What is required:
Print all of the data exactly, but drop the pictures.

Data:
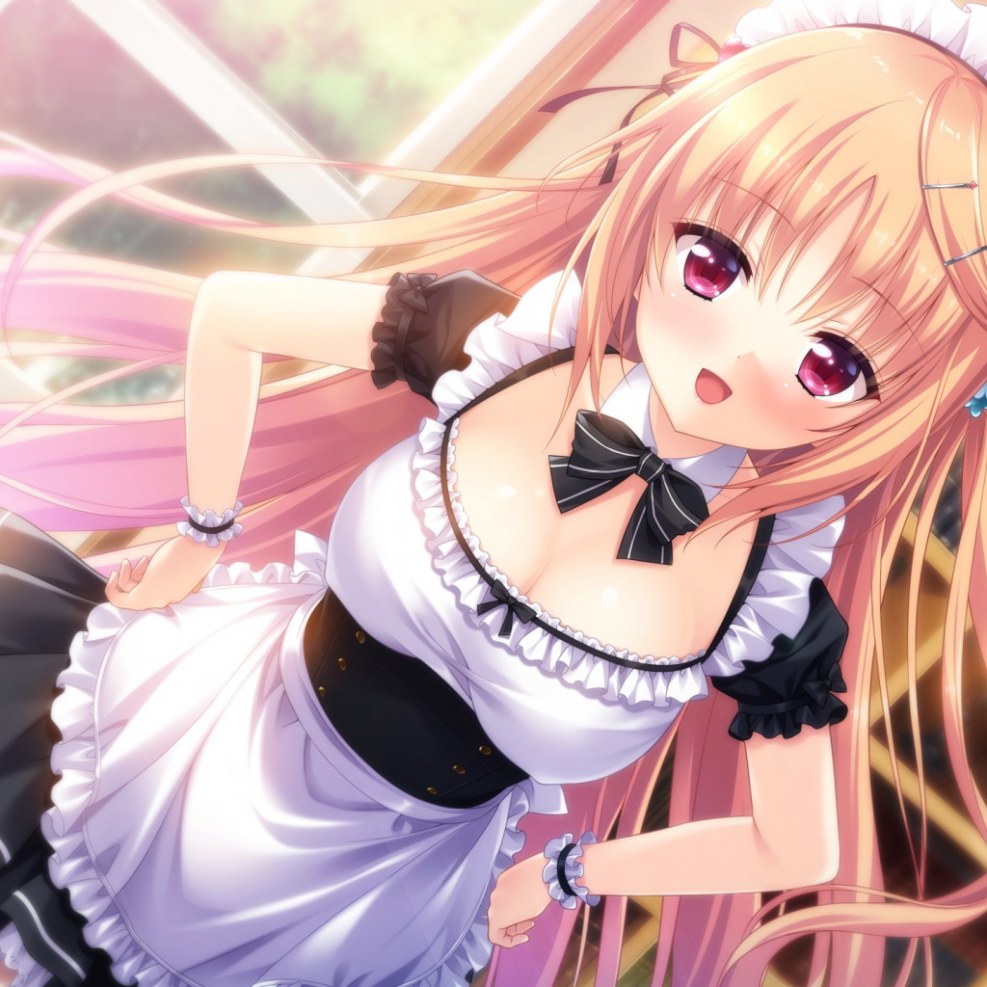 Darkening from the bottom of PNG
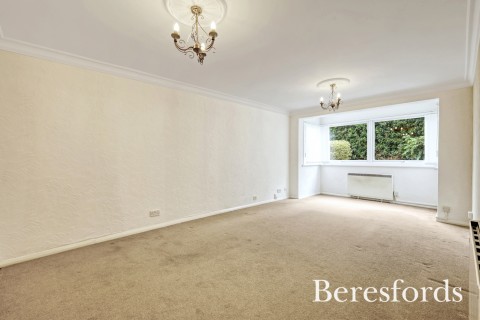 Click the photo for more details of Upminster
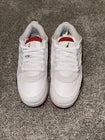 Jordan 4 RM (GS) Size 4Y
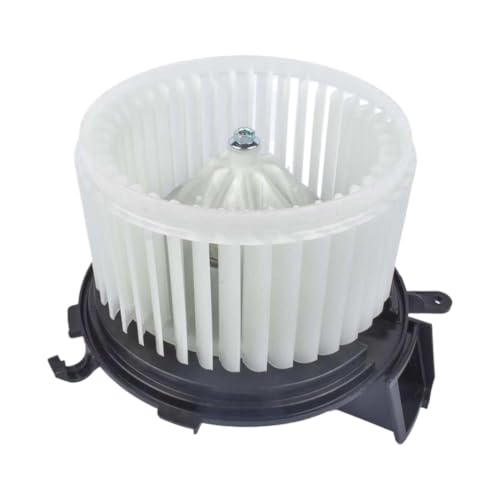 Moteur soufflerie habitacle pour remplacer ventilation Boxer 250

Written answer:
 Darkening from the bottom of PNG
 Click the photo for more details of Upminster
 Jordan 4 RM (GS) Size 4Y
 Moteur soufflerie habitacle pour remplacer ventilation Boxer 250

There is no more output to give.